Omit every picture. Return all other data as it stands.

_Data excerpt_.

---

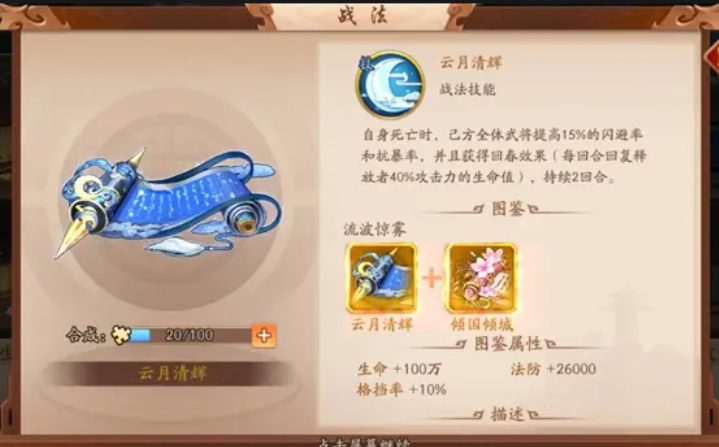 少年三国志2战法如何搭配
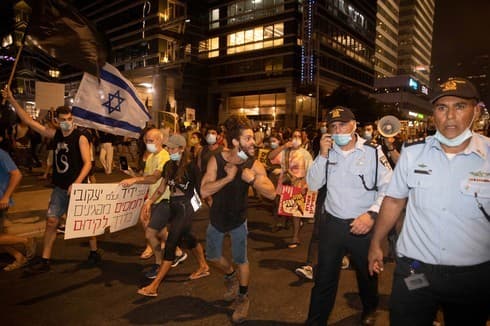 Presencia policial durante la manifestación en Tel Aviv.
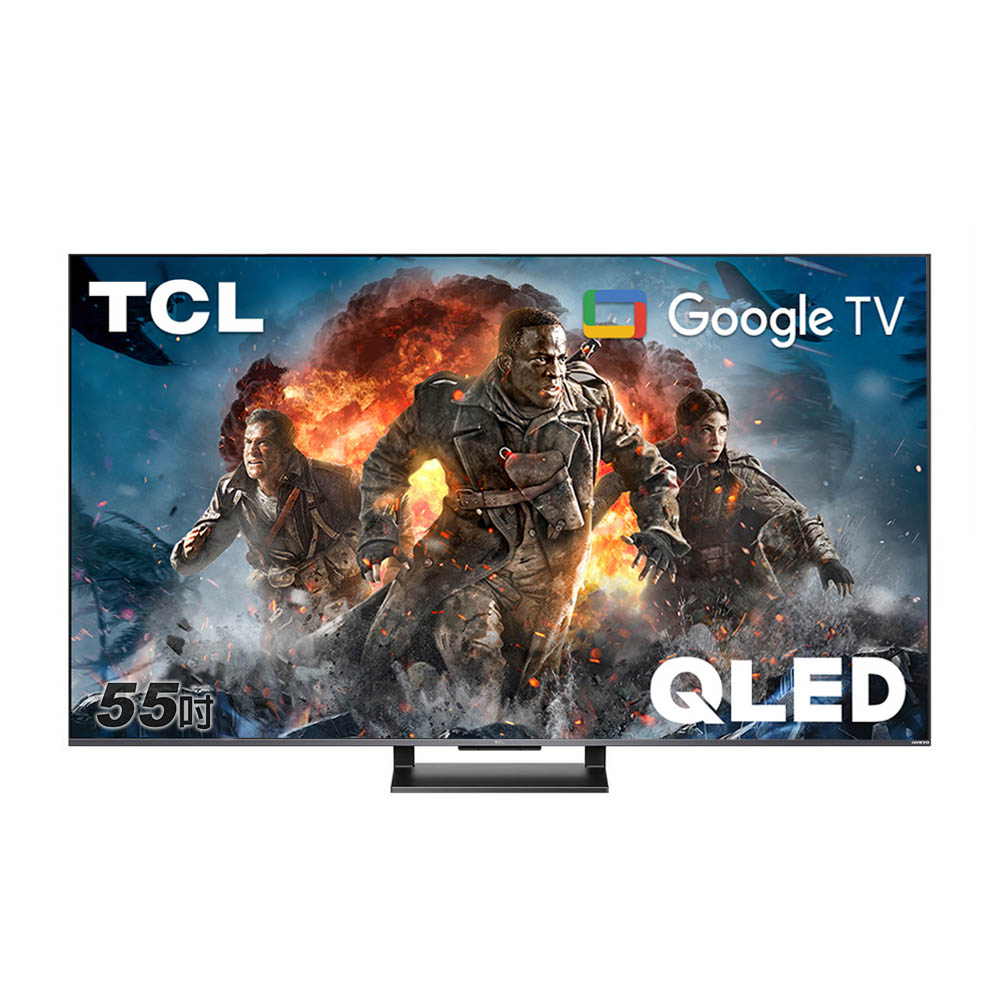 【TCL】55型 4K QLED 120Hz DLG Google TV 量子智能連網顯示器 基本安裝(55C645) 歷史價格詳細信息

---

_Task solution_.
 少年三国志2战法如何搭配
 Presencia policial durante la manifestación en Tel Aviv.
 【TCL】55型 4K QLED 120Hz DLG Google TV 量子智能連網顯示器 基本安裝(55C645) 歷史價格詳細信息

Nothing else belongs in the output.